This is the essence of the talk I gave at the closing ceremony of the 2015 European Week of  Astronomy and Space Science (EWASS)  on June 26 2015 in Teneriffe.  The European week of Astronomy and Space Science is the yearly meeting of the EAS, the society that brings together the European astronomical community and aims to develop a truly European identity for this community.

 

Science is  first and foremost an integral, central, essential in the first meaning of the word, part of human culture.

All the human thinking, philosophy included is based at some point on observations of nature. One possible exception may be the debate on the sex of the angels, where it is difficult to find any evidence for observations.

All efforts to master our environment are based on the observation, the study, the understanding of nature.

All innovation, now a buzz word in most of our governments, is also based on scientific work. No one knows where in science one should look for the ideas that will bear fruits for human society in the coming decades. Who would have bet a penny, for  example, that general relativity would find its path into one of the most successful technological developments of the last 20 years? Or that particle physics would lead to the world wide web?

Some might think that astronomy is confined to those aspects of human culture that are far from practical considerations. I would argue on the contrary that astronomy is not only central to our philosophical considerations on the place of humans in the cosmos, we all know this, but that it has also had a massive influence on our well being.

There is no agriculture without astronomy. It is not the weather of today or yesterday that tells when seeds must be planted, but the course of seasons. And this is known by observing the position of stars in the sky.

Astronomy is at the heart of the measurement of time. And time is at the heart of the organisation of society, of all societies. Some might argue that this is an old point and that time is now measured with atomic clocks. They should remember, however, that the legal time is still linked to the astronomical time and that June 30 2015 will have one more second to readjust legal time with the astronomical one.

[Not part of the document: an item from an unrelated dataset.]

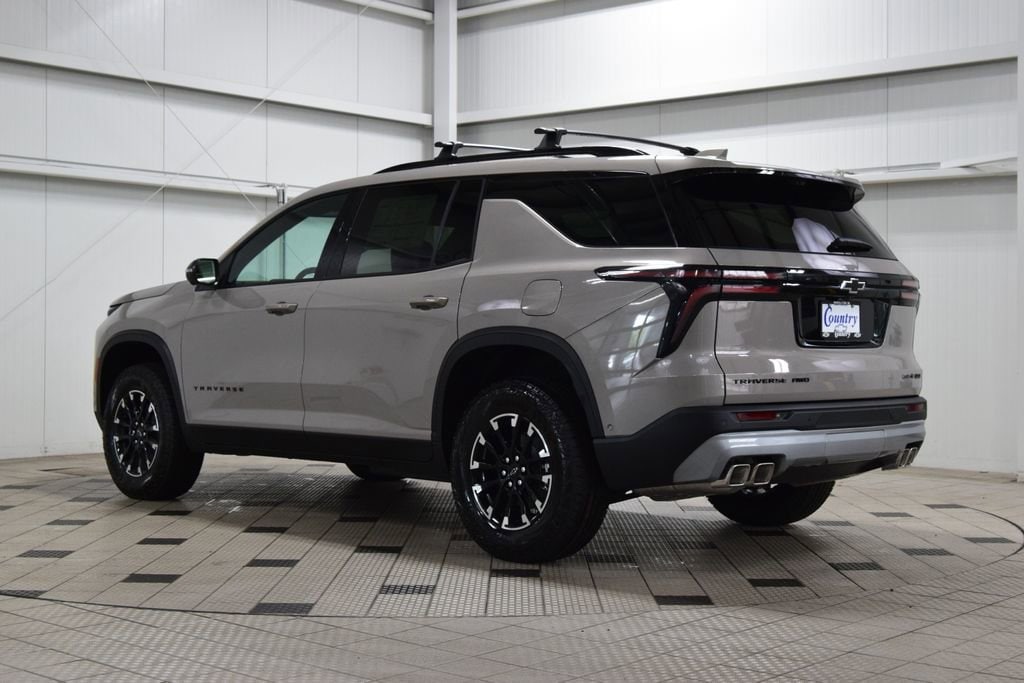 2026 Chevrolet Traverse Z71 - Photo 6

Astronomy has been a prime motivation and mover of space technology with all its offsprings that are now central in our daily lives: Meteorology, GPS, telecommunication, resource monitoring etc. .

Astronomy and space science have played an important role in modern geopolitics. Science and national interests  have both been at the heart of the competition to master  the space tools that are strategically and economically central for  world leadership.

Astronomy,  together with other science endeavours, like ESA, CERN, EMBL has been instrumental in the build up of a European identity, and thus in the political construction of the continent.

In Summary, the world would not tic the way it does without astronomers, and Europe would have a different existence without its science community.

At a time when pressure on public budgets is high everywhere, it is important to remember these facts, to shed the right light on our activities and to remember that we, astronomers, have contributed essential elements of our culture and well being.

The presence of  Carmen Vela,  the state secretary for science in the Spanish government, at the closing ceremony of the European Week of Astronomy and Space Science (EWASS),  and that of the king of Spain to celebrate the 30th anniversary of the observatory the following day show the weight that the Spanish government and the country as a whole give to science, to curiosity driven science and to astronomy specifically. Let me express the appreciation of the whole European astronomical community for this.

We come to the close of a week in which the exchanges within the European astronomical community have stood at the centre of the happening. A rich week during which results have been presented, projects discussed, friendships developed or created. All this well knowing that our astronomical community is embedded in that of the world. This week has thus been a scientific event, a European event and one element of the  contribution of our community to the common well being.